Short descriptive text snippets
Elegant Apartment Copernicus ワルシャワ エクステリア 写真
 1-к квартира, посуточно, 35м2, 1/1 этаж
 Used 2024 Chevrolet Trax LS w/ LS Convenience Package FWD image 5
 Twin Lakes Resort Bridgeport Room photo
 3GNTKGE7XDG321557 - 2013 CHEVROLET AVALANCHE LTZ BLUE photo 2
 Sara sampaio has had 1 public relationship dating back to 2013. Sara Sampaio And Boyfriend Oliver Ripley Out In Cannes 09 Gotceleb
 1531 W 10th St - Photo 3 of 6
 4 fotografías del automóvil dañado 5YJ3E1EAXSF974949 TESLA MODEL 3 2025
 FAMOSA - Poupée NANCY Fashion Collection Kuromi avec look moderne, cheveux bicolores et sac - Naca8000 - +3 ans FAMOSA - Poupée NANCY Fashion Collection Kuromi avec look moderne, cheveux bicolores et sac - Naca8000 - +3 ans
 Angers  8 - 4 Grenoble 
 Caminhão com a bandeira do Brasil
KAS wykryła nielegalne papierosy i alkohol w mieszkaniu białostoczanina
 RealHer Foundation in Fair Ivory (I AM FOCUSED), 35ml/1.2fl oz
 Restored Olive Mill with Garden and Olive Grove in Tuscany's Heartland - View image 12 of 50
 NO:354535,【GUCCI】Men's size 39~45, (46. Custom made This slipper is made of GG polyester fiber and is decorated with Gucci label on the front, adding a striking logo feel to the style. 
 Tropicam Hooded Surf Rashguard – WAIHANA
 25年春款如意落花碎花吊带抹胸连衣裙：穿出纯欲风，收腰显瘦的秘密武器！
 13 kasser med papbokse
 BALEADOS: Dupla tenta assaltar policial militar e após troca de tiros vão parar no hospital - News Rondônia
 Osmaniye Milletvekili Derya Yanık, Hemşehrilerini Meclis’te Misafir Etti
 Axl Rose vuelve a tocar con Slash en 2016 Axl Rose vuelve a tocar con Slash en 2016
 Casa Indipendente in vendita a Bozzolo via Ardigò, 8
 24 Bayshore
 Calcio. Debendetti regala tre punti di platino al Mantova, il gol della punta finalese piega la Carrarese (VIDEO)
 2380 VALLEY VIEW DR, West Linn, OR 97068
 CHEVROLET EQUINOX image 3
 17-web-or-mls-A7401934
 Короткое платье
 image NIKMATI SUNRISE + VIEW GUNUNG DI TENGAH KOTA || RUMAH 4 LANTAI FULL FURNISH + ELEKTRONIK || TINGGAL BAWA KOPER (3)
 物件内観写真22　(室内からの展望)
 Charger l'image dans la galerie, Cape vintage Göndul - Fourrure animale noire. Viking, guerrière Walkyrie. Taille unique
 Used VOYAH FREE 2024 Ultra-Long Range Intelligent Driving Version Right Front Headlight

Activity> Set down, unchanged, the line that contains "Charger l'image dans" together with every later line in the records, through the last one.

Answer section>
 Charger l'image dans la galerie, Cape vintage Göndul - Fourrure animale noire. Viking, guerrière Walkyrie. Taille unique
 Used VOYAH FREE 2024 Ultra-Long Range Intelligent Driving Version Right Front Headlight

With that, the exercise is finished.